Not learning from OLF mistakes

Published 12:00 am Tuesday, November 20, 2007

It’s little wonder that the U.S. Navy allowed its self-imposed Nov. 15 deadline for narrowing the list of possible sites for the outlying airfield to come and go with very little information being made public.

The Navy is looking to build an airfield to supplement Naval Auxiliary Landing Field Fentress as a place for Navy flyers to practice carrier landings. Secretary of the Navy Donald C. Winter is considering 22 potential sites, 11 of those in Virginia, including four that are located wholly or in part in Southampton County. Gov. Timothy M. Kaine proposed the Virginia sites during the summer.

After widespread and overwhelming objections from blocs of Virginians and North Carolinians, the Navy said it would shorten its list of sites and make that list public on Nov. 15. Instead, what the Navy supplied last week was a terse e-mail to public officials stating the Navy would provide no such list.

Among the many missteps taken by the Navy brass and state officials in their effort to build an airstrip has been lack of willingness to share information.

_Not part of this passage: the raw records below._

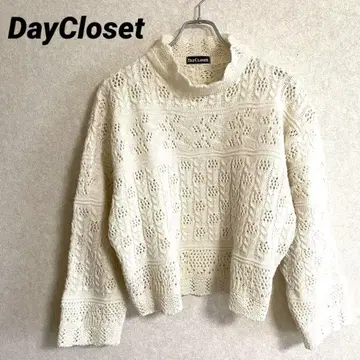 DayCloset 아이보리 레이스 니트 스웨터 한국 패션 프리 사이즈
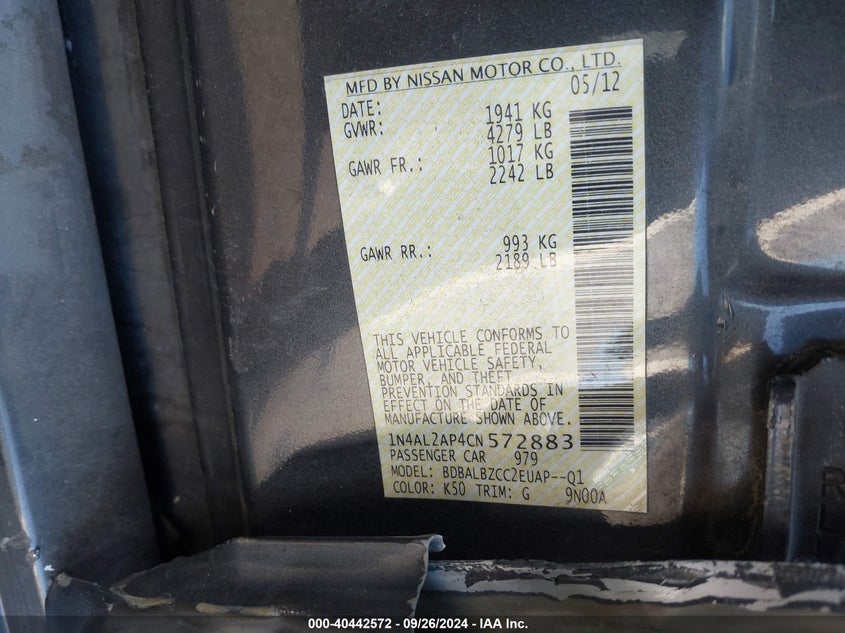 1N4AL2AP4CN572883 2012 Nissan Altima 2.5 S
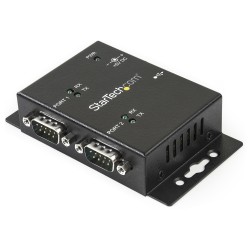 StarTech.com Hub adaptateur industriel USB vers série 2 ports à fixation murale avec clips de rail DIN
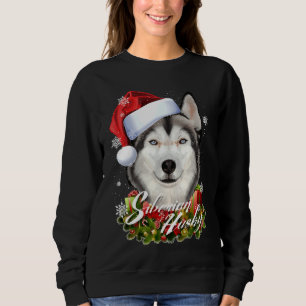 Happy Furry White Siberian Husky Dog Christmas San Sweatshirt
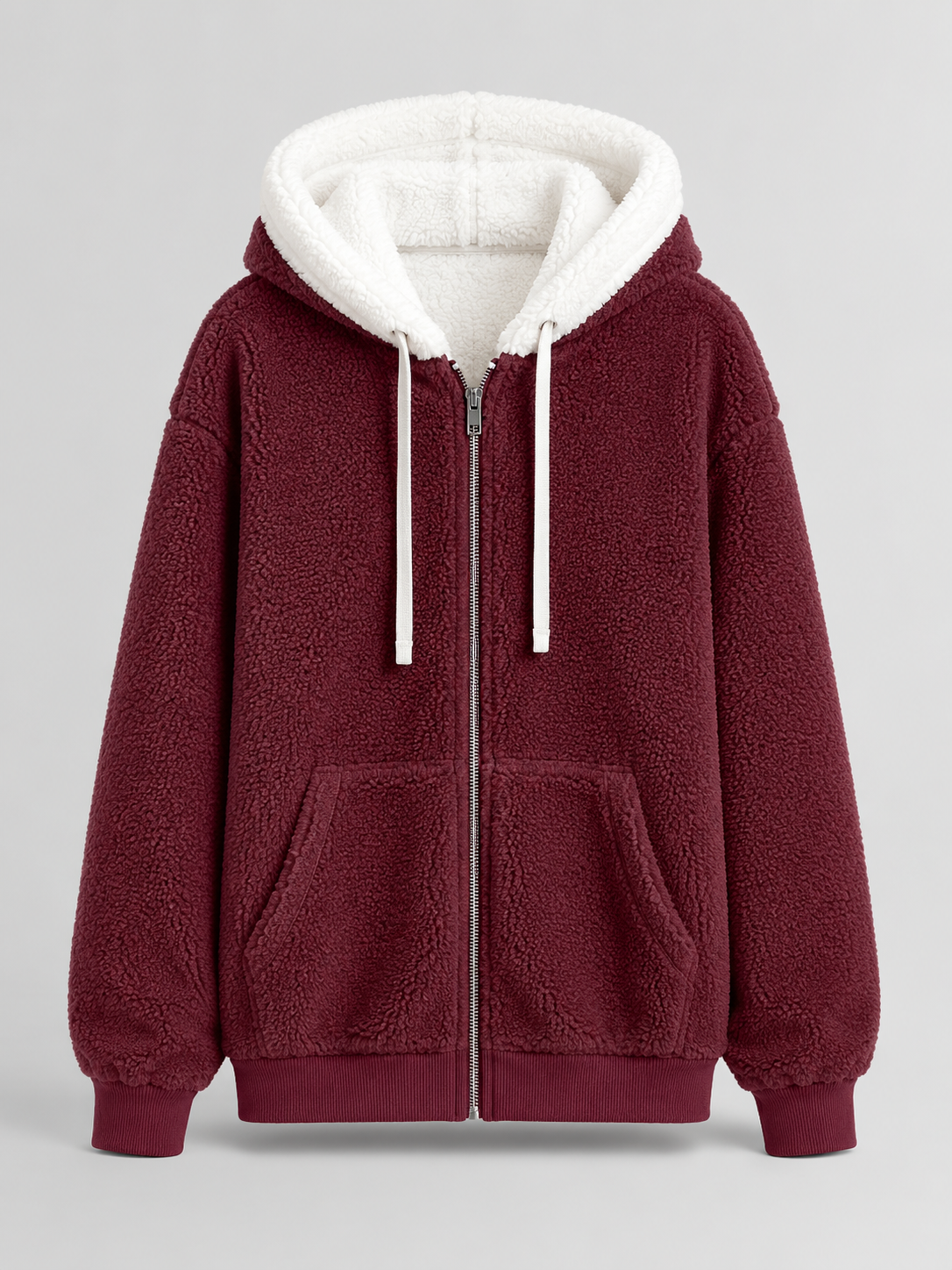 Felpa Donna in Pile Sherpa Oversize con Cappuccio e Zip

Secrecy seemed to be the preferred form of operation.

From the very start, that phase of the project was bungled. Many local officials didn’t know such a list existed until the summer morning it was made public.

So the objection began with the manner in which the list was circulated, then centered on the organized fight against an OLF.

During the summer when the news of potential sites made front pages in two states, Gov. Kaine’s representatives assured county officials in each of the potentially affected localities that the governor would ask the Navy to remove sites from contention if they asked him to do so. The Navy said then that it would honor such a request from the governor. It has not, as far as we know.

And still the selection deadline passed without taking any action.

Robert P. Crouch Jr. is the assistant to the governor for commonwealth preparedness and heads up the agency that was originally in charge of working with the Navy to identify potential Virginia locations for a touch-and-go airstrip for F/A-18 Super Hornets.

His e-mail last week included the statement, “We will get back to you when we learn anything new, but thought it important that you be aware that there is unlikely to be anything announced in the near future.”

By the time the Navy gets around to releasing its new list of sites, the opposition will be so solidified and organized that it will become quite clear to Navy officials that waiting quietly was not the best strategy.